Thursday, January 7, 2010

Day 4

January 3, 2010
5:48 PM

Aneeta and I have barely made it, rolling in under the crook of evening after a long day of tramping through the Bywater drinking bloody marys and rhapsodizing about sex, writing, and the Saints. Our day began at ten, with the legendary $2.50 bloodys at the Bywater Barbeque (significantly more spectacular than the food, in case you were wondering), where we watched a romance bloom, underneath our very noses, between an apathetic-looking girl with blond dreadlocks, and the magenta-headed barmaid whose dress, scarf, ponytail holder, socks, apron, and sweatshirt all matched her hair. Since then we have eaten more decadent and cholesterol-containing food than someone from Oregon would eat in a week; we have watched the Saints lose, spectacularly but with style; and we have sampled bloody marys in at least 6 Bywater establishments. By the time we walk into Mimis it feels like three in the morning; it probably actually is three in the morning in some round gray corner of my soul.

By now we have accumulated an awestruck 25-year-old Ohioan whose only previous trip to New Orleans consisted of Bourbon Street. “I’m moving here,” the Ohioan declares, after we have set him down upon this latest barstool, after we have fed him spicy green beans laced with vodka while watching the owners and regulars of Bud Rip’s douse a decrepit Christmas tree with lighter fluid and burn it down to the ground, right smack dab in the middle of Burgundy Street, cars and sleds and clattering 2-story bicycles swerving madly out of the way. (“It’s so the Saints have a chance of winning the damn Superbowl,” the bartender, Emily, explained to us. “Ever since we put up that tree in the bar, they been losin’. We gotta get it outta here before the playoffs.” Everyone in the bar nodded in solemn agreement.
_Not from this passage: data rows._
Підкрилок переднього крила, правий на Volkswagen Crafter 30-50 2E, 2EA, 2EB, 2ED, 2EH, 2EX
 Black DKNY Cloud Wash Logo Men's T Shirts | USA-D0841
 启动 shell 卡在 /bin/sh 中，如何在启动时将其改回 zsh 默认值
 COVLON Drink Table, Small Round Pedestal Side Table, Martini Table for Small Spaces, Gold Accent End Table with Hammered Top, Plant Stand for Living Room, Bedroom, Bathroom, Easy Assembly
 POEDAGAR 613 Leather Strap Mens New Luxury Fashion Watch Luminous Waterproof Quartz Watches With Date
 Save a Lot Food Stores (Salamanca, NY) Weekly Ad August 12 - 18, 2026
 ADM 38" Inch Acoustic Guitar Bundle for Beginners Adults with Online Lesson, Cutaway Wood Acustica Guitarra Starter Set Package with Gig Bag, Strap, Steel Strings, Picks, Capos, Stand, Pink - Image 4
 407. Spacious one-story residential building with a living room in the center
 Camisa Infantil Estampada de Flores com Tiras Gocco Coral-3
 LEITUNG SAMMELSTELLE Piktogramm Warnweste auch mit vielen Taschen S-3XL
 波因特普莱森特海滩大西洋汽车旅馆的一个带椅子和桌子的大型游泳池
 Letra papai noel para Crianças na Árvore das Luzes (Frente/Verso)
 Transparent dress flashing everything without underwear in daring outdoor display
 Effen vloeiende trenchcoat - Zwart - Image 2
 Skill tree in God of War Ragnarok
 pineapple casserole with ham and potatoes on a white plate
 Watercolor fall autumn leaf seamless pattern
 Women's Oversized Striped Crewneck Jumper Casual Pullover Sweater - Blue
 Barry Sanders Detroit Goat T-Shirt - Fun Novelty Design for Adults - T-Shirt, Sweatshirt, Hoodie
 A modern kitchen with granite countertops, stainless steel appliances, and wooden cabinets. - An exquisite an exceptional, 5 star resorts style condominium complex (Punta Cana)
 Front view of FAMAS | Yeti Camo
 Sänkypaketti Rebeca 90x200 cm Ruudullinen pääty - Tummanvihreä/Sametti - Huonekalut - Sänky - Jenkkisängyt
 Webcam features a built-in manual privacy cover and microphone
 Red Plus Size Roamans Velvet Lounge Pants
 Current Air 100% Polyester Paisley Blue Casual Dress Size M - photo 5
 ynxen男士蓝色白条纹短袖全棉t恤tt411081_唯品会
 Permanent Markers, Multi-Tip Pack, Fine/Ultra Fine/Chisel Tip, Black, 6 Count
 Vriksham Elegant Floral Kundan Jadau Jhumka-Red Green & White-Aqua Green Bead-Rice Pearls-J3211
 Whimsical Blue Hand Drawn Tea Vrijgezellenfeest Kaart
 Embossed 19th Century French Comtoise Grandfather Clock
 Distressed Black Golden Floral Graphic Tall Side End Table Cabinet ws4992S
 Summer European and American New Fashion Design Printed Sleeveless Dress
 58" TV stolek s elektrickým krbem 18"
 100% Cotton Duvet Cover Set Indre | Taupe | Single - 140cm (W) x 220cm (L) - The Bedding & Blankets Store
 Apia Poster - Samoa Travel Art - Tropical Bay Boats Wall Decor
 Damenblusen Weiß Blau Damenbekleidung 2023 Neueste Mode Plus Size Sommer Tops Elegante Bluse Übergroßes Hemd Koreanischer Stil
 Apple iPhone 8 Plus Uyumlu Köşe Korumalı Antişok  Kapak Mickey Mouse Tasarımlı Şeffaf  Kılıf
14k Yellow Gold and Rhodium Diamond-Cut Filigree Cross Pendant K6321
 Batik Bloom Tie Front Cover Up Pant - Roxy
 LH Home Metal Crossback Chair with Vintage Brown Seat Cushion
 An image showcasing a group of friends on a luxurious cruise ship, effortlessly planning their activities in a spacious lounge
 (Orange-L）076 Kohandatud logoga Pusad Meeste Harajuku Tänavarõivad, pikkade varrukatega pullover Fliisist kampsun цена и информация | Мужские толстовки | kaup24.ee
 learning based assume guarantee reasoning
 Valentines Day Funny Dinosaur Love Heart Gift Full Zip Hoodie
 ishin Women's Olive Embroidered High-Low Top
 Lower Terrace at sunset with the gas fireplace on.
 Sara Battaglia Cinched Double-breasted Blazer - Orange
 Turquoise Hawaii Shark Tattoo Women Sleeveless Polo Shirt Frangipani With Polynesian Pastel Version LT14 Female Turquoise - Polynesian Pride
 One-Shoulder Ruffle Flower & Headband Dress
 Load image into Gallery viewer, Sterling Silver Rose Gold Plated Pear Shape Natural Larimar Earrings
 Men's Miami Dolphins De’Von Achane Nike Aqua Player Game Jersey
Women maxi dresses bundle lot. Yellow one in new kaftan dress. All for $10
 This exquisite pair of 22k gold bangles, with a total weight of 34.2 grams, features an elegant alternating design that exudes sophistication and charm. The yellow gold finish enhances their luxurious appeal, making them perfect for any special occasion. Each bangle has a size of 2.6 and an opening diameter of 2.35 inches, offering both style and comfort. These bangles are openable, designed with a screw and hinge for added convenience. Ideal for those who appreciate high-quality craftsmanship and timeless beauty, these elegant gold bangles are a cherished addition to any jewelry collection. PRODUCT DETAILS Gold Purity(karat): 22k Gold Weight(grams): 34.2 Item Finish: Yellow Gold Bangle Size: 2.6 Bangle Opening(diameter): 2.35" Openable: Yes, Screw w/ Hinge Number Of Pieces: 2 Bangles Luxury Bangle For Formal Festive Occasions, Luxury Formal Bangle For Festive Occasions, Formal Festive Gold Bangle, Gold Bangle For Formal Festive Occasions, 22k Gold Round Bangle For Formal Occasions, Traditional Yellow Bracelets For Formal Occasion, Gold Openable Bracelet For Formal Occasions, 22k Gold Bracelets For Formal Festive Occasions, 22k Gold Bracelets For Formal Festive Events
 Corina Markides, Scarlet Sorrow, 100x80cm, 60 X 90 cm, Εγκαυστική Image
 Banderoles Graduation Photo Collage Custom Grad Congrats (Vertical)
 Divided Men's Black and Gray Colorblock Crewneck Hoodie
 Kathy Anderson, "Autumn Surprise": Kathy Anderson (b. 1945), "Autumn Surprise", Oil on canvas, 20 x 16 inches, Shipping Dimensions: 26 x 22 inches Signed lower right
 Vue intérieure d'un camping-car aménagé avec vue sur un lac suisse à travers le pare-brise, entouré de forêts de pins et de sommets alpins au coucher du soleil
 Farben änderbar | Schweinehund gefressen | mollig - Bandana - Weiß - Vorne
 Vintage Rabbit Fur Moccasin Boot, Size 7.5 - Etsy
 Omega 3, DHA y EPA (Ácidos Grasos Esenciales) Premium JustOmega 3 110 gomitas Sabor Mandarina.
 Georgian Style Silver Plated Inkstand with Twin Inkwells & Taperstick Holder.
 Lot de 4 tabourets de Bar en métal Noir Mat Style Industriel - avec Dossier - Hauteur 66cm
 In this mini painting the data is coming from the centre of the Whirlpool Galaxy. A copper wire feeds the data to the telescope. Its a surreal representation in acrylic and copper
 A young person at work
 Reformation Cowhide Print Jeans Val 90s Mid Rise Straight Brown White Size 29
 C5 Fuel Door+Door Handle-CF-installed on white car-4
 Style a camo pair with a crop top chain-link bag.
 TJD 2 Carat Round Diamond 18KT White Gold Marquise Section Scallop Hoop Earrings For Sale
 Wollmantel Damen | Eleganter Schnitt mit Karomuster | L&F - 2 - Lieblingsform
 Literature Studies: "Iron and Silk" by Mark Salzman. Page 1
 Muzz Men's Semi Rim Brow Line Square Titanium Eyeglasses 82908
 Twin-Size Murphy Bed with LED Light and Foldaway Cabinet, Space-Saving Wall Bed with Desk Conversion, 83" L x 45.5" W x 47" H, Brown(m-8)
If there’s anything you don’t need to explain to a New Orleanian, it’s football spirituality.)

Now, daylight is seeping out of Mimis, under the windowsills and into the thin Marigny night, and there are seven of us, maybe, in the bar, and the blue candles huddle against the taps. Maudlin ‘80s music crouches in the corners.

An impossibly tall bespectacled man breezes in carrying an enormous heart-shaped banner for the 6’t’9 parade, which he hangs upon a window.

In walks the Mohawk guy, and I feel a bizarre surge of relieved tenderness.

I am running out of steam but you can tell the Ohioan wants it to be a long night. “Where we going next, guys?” he asks.

But my day, that day that’s been playing on and on, all these hours in that three-in-the-morning corner of my soul, is already turning gray and slipping out. It’s running away, you can see it, under the windows and doorjambs, like all the rest of the gritty air.